Fairly simple question, we have the paraboloid $z=a(x^2+y^2)$ and the plane $z=h$. $a,h >0$
Find the volume of the region bounded by the plane and the paraboloid.
What I did:
It is clear to see $a(x^2+y^2) \leq z \leq h$ from the way the question is written.
The hard part which im not sure of is the limits of $x,y$.

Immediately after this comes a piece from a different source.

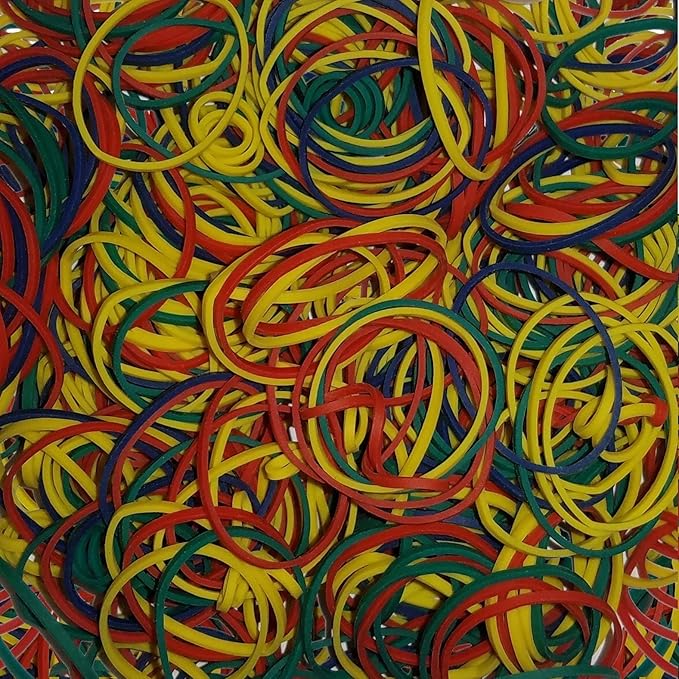 200, Jumbo Size, Rainbow Colors, US Made Rubber Hair Bands for Pony Tails and Braids In A Clamshell. Rainbow Mix Consists of Yellow, Red, Orange Green and Blue Rubber Bands.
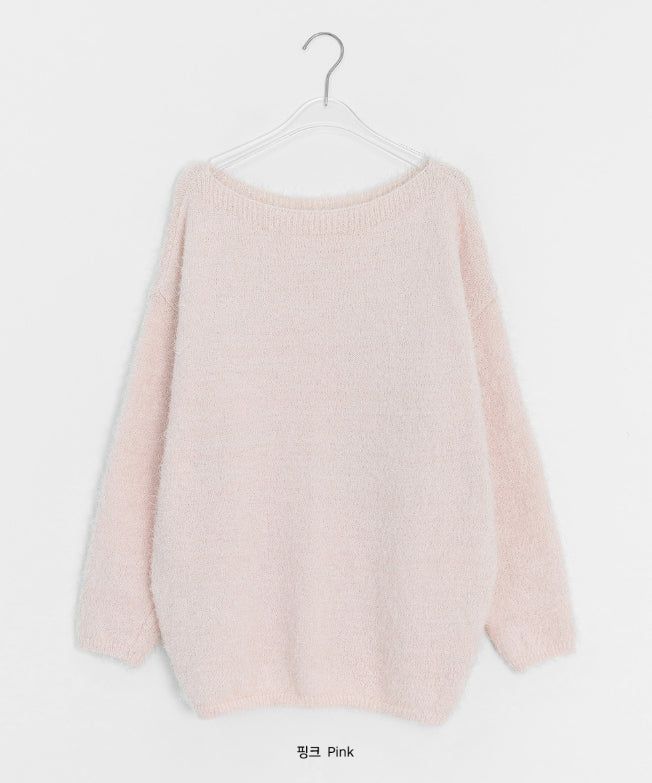 Nayu Hairy Lip Neck Loose Knit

$a(x^2+y^2) = ax^2+ay^2 \leq h$ implies: $- \sqrt{\frac{h-ax^2}{a}}\leq y \leq \sqrt{\frac{h-ax^2}{a}}$
the minimal value of $y^2$ is zero. and if that happens, then $ax^2 \leq h$, which implies $-\sqrt{\frac{h}{a}} \leq x \leq \sqrt{\frac{h}{a}}$
So the volume we are looking for is in my opinion:
$$\int_{-\sqrt{\frac{h}{a}}}^{\sqrt{\frac{h}{a}}} \int_{- \sqrt{\frac{h-ax^2}{a}}}^{ \sqrt{\frac{h-ax^2}{a}}} \int_{a(x^2+y^2)}^{h}dzdydx$$
Is this correct?
Best Answer
Using Cylindrical coordinates. Starting: $ax^2 + ay^2 = h \to x^2 + y^2 = r_0^2$ with $r_0 = \sqrt{\dfrac{h}{a}}$. So set $x = r\cos\theta$, and $y = r\sin\theta$, then we integrate:
$z: ar^2 \to h$
$r: 0 \to \sqrt{\dfrac{h}{a}}$
$\theta: 0 \to 2\pi$. Thus the set up is:
$V = \displaystyle \int_{0}^{2\pi} \int_{0}^{\sqrt{\frac{h}{a}}} \int_{ar^2}^h rdzdrd\theta$